HANNITY: All right, so I think -- what I hear in your statement there is you kind of are tempering those remarks. For example, if there was a moderate Muslim that denounced sharia, that denounced radical Islamists, that denounced quotes in the Koran about killing the infidels or not taking Christians and Jews for your friends, that denounced the controversial life of Mohammed, you would be open to that Muslim running for president.

CARSON: Of course.

HANNITY: OK, but well, then, so basically, the controversy is over in that sense. Did you mean to say radical Islamist or one that supports a form of government as is practiced in Muslim countries? Is that more what you meant to say?

CARSON: Well, you know, that was implied in the comment because I prefaced that by saying I don't care what religion or faith someone belongs to if they're willing to subjugate that to the American way and to our Constitution, then I have no problem with it. That's what I said before that.

HANNITY: Yes. What do you make of Scott Walker getting out of the race? And he made a statement that this has become too much about personal attacks, this campaign. Do you agree with that? Because that's what I felt the last debate was like -- You said this about him, he said this about you, tell him what you think of what he said.

Do you feel there's been too much of that?

CARSON: Well, I thought that was ridiculous, and that's why I absolutely refused to get into it. And some people said it was a weak debate performance. But there was no way I was going to fall for that bait. That's what they did the last time around. We have to be smarter than that.

HANNITY: You know, I agree with you. And I actually, having interviewed you enough over the years, I -- not in a million years are you going to get involved in that. I can't see you.

So in that sense, I don't think the debate format is particularly helpful to you, even though you keep surging in the polls. Are you convinced now, with your poll numbers, that you can win the presidency?

CARSON: I absolutely believe that. But you know, I listen to the people everywhere I go. You know, they're saying, You are our hope. And the crowds are big and enthusiastic. And you know, I will do everything I can, working with the people, to return this country to a place that is of, for and by the people. The people should be at the pinnacle. The government is there to serve the people.

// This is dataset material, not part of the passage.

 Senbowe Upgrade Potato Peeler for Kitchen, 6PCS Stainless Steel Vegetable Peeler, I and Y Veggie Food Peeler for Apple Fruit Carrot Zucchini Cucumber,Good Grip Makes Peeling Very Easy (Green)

HANNITY: Let me ask you about the refugees from Syria and Iraq that we're now talking about or the administration's talking about, some 200,000. We've been told by James Clapper, by the State Department, that, in fact, al Qaeda and ISIS will infiltrate, Dr. Carson, the refugee population. In other words, they want to get into Western Europe. They want to get into America.

Knowing that, is it wise to let those people into this country, knowing that some terrorists are likely to be among that population?

CARSON: Of course not. That would be the height of irresponsibility.  I mean, we have a responsibility to protect all our people. And what I advocated last week is that we use some of our expertise and some of our resources to help those people get settled in that part of the world.

You know, what is wrong with all the places on the Arabian peninsula and Turkey taking those people in? We can help them.

HANNITY: Yes, we...

CARSON: We have our own refugees to deal with.

HANNITY: Yes, we have 50 million Americans in poverty, 46 million on food stamps and 94 million out of the labor force.

If you watched this weekend "60 Minutes," President Rouhani made a lot of statements. He wouldn't denounce chanting "Death to America" and the destruction of Israel's non-negotiable while this president was negotiating the nuclear deal.

Why would -- is there anything good that America got out of that deal or is getting out of this deal?

CARSON: Well, maybe there's a secret deal that we don't know about, but it seems to be very foolish. And I just for the life of me can't figure out why we don't use common sense. And why don't we put the American people and their interests first? Why are we always looking out for somebody else who doesn't have our interests in mind? It's very hard to understand.

HANNITY: Back to the immigration question which came up during the debate. You had a little different opinion than Donald Trump. Let me ask you this. Should anybody that didn't respect American law and sovereignty and came into the country illegally -- should that prevent them from ever getting citizenship, whether or not they stay or not?

CARSON: Well, I think that's something that we should leave to the American people. If I were elected president, I would be very interested in what the American people wanted to do on that respect. And if they decided that they would never allow such a person to become a citizen, I would abide by that wish.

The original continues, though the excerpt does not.